The CET1 is a measure of a bank’s liquidity. The fact that JPMorgan’s CET1 is way above the regulatory minimum is another good sign that it can keep funding its dividend. A low 24% dividend payout ratio, which measures the percentage of a firm’s earnings paid out to shareholders in the form of dividends, is also a good sign.
McDonald’s Corp (NYSE:MCD) has been another reliable dividend stock over the years, and it just raised its payout again earlier this month. The fast-food chain declared a quarterly dividend of $1.67 per share for the fourth quarter, which is a 10% increase over the previous quarter. It also has a solid, above-average yield of 2.6% with a payout ratio of about 54%.
McDonald’s is a company that has long been dedicated to increasing its dividend, as it has done so for 47 consecutive years. There are only about 50 stocks that have longer streaks, and when McDonald’s hits 50 years, it will join the illustrious group of Dividend Kings.
The company said the latest dividend increase reflects its confidence in its “Accelerating the Arches” growth strategy, a recent initiative focused on driving long-term growth for shareholders. That strategy led to an increase in global comparable sales growth of 11.7% in the second quarter, led by strong international growth. Revenue spiked 14% year over year while net income surged 94% in the quarter.

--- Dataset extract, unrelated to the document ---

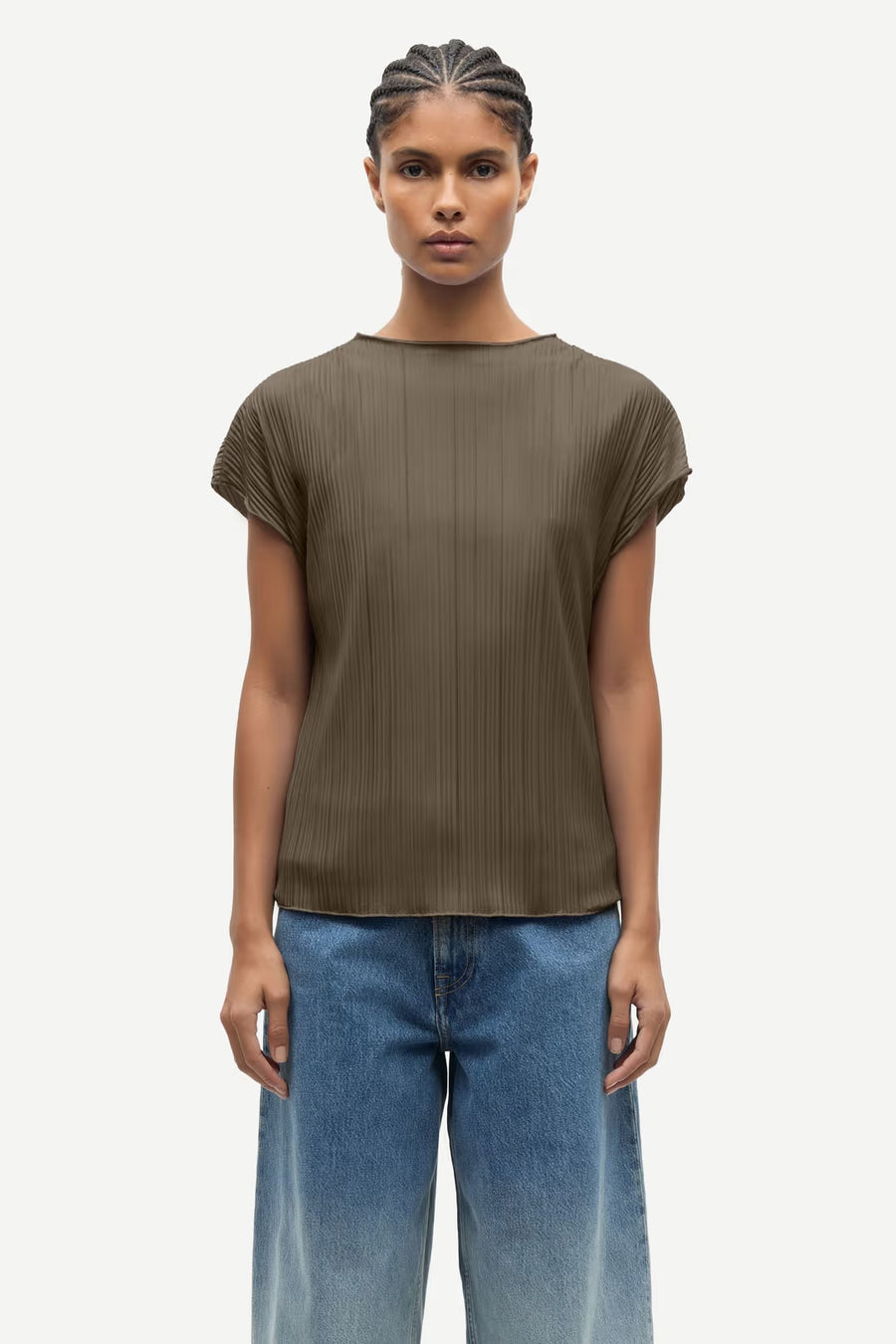 Woman wearing an olive green pleated short-sleeve top with a relaxed fit, front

Third-quarter earnings are scheduled to be released on Oct. 30, but analysts are bullish on the stock, with a consensus price target that’s 28% over the current price of $262 per share.
Most people wouldn’t consider the technology giant Microsoft Corp (NASDAQ:MSFT) a dividend stock, but it has been remarkably consistent over the years in boosting its payout. In September, the company increased its dividend by 10% to 75 cents per share, marking the 18th consecutive year that it has boosted its annual dividend payout. Over the past five years, Microsoft has averaged a 10% dividend increase per year.
Microsoft has a low yield of 0.91%, which is below the average on the S&P 500. However, its benefits as a dividend stock go beyond the payout. As noted, it has regularly and reliably increased its dividend over the past two decades and has a low and manageable payout ratio of 27%.
More importantly, with Microsoft, you are investing in one of the largest companies in the world by market capitalization — and one that has consistently delivered an average annualized return of 25.3% over the past 10 years as of Oct. 19.
If you had reinvested the company’s dividend into its stock, you would’ve seen a 27.4% annualized return over that same period. When you add that type of capital appreciation to the dividend, it makes it a compelling buy.
Disclaimer: All investments involve risk. In no way should this article be taken as investment advice or constitute responsibility for investment gains or losses. The information in this report should not be relied upon for investment decisions. All investors must conduct their own due diligence and consult their own investment advisors in making trading decisions.